Health

Killing infectious bacteria: Is copper the way to go?

Researchers are still looking for ways to eliminate deadly infections and copper hospital beds may help

February 3, 2020
Hill-Rom plastic hospital beds in the Regional Hospital Apatzingan in Michoacán, Mexico. Hospital beds are the most polluted surfaces in patient care settings, according to the American Society for Microbiology. [Presidencia de la República Mexicana | CC BY 2.0  

This fall, three babies died in a hospital in Pennsylvania from infections caused by a bacteria called pseudomonas, a common bacteria that is a minor threat to healthy people but can kill individuals with a weak immune system. The infections were linked to equipment used to administer donated breast milk to infants. The deaths speak to the dangers of infected hospital equipment, but also to a larger, stubborn trend — infections that routinely occur in patients admitted to U.S. medical centers. 

Healthcare administrators typically look to reduce hospital-acquired infections through strategies that focus on improvements in handwashing and hospital cleaning regimens among health care workers. But microbiologists have recently looked into an innovation that may eliminate the factor of human error — copper hospital beds.

The most polluted surfaces in patient care settings are hospital beds, according to the American Society for Microbiology. The eighth leading cause of death in the U.S. is hospital-acquired infection.

In November, a new study demonstrated that hospital beds with copper-covered rails, footboards, and elevation bed-control panels effectively kill nearly all the bacteria on beds’ copper surfaces. Led by Michael Schmidt, a microbiologist at Medical University of South Carolina in Charleston, the researchers found that copper hospital bed surfaces reduced bacteria by 94%, along with the use of standard cleaning products, while a patient was in the bed. 

Copper ions form a hole in the cell membranes of the microbes, allowing the “guts to leak out,” says Schmidt. The ions then slip inside the microbe and dismantle its DNA, ultimately killing it. The copper appears to kill viruses such as norovirus as well as C. difficile and other harmful bacteria, says Schmidt. 

Out of the 215 copper beds that were sampled for bacteria, 94% of them had less than 250 bacterial colonies — the disinfection risk threshold. Instead, 53% of the 350 plastic conventional plastic beds investigated were above the risk threshold. Patients are at a higher risk for acquiring a healthcare associated infection when the concentration of bacteria exceed 2.5 bacteria per 1 centimeter squared, says Schmidt. This amount of area is about one-third as big as a penny. The results were recently accepted for publication in the journal Applied and Environmental Microbiology, Schmidt says.

Some 1.7 million infections occur in U.S. hospitals annually, causing 99,000 associated deaths each year, according to the Alliance for Aging Research.
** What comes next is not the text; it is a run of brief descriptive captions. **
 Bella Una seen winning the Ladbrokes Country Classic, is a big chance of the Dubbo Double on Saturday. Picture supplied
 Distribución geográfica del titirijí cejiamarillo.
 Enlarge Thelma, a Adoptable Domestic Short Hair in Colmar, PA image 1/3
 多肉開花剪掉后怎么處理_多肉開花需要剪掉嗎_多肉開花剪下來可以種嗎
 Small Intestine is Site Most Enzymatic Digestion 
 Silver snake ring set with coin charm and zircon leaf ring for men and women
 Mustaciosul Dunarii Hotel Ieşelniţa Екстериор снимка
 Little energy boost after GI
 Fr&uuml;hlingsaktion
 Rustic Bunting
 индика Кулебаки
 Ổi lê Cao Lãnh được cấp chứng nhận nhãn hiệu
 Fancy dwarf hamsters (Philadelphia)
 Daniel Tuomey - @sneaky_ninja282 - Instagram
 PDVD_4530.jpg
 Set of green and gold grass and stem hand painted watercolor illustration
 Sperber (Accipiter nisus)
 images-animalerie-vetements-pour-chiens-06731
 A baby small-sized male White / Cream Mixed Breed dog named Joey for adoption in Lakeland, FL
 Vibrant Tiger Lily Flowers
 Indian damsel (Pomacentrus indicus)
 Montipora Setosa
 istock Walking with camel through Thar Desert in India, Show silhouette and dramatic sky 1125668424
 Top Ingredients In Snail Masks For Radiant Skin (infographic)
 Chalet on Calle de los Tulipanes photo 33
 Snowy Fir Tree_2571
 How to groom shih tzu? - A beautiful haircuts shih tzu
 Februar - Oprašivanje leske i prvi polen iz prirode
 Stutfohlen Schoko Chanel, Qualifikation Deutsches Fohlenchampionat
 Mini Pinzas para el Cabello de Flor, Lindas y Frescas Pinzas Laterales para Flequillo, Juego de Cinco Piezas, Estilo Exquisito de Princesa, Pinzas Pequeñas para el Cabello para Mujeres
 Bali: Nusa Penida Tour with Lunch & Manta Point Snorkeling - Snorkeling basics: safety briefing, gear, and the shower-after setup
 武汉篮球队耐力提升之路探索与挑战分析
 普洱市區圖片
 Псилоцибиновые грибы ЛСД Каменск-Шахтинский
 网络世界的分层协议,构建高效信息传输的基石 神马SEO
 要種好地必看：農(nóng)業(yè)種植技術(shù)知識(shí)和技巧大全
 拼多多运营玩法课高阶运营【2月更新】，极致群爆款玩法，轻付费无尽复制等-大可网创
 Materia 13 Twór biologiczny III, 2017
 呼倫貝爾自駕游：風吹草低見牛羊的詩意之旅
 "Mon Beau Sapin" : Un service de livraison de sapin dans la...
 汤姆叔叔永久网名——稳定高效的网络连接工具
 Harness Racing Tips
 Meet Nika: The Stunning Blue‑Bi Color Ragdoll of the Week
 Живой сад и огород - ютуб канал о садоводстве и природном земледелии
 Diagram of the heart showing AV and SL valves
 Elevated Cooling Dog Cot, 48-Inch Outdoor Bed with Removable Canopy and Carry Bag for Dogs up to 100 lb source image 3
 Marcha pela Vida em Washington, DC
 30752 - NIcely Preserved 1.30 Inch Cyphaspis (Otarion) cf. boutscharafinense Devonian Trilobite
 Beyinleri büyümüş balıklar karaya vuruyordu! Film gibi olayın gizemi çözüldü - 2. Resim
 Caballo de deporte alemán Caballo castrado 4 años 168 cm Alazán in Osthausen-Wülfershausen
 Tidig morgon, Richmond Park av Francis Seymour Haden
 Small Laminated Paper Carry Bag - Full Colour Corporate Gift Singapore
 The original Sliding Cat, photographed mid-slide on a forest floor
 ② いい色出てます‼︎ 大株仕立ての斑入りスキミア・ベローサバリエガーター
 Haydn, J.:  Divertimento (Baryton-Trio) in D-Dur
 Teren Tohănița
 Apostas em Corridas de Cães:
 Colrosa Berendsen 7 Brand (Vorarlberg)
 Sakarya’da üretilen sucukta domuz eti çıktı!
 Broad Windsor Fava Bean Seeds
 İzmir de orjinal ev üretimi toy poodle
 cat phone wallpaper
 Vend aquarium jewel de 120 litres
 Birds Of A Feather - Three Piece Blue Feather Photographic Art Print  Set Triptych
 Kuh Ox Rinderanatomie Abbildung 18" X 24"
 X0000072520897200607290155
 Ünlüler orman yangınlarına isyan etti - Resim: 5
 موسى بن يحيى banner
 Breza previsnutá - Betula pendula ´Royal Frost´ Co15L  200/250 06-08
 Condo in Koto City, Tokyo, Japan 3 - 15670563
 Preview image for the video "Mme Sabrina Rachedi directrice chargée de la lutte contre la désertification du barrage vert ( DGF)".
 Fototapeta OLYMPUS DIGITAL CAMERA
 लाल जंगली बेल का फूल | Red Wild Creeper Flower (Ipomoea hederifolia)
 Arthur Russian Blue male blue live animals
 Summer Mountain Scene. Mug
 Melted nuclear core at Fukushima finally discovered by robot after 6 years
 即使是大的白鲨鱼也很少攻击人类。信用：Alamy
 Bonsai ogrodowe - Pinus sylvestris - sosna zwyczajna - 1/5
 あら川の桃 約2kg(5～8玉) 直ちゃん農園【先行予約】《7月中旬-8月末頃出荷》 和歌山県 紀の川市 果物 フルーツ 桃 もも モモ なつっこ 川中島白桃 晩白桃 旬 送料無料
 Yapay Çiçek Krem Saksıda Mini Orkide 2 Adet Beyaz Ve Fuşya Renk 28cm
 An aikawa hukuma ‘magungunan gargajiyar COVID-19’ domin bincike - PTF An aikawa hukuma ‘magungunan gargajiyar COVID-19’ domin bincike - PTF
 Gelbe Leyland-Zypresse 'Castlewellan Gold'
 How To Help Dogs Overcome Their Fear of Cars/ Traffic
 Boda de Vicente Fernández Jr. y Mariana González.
One major life-threatening bacterium, C. difficile, causes deadly diarrheal symptoms and accounted for 12,800 U.S. deaths in 2017. But in November, the U.S. Centers for Disease Control (CDC) reported a 12% decrease nationally in C. difficile infections in acute care hospitals between 2017 and 2018. Significant progress has been made to prevent hospital-acquired infections in the past decade, but U.S. hospitals still struggle to control the spread of these infections.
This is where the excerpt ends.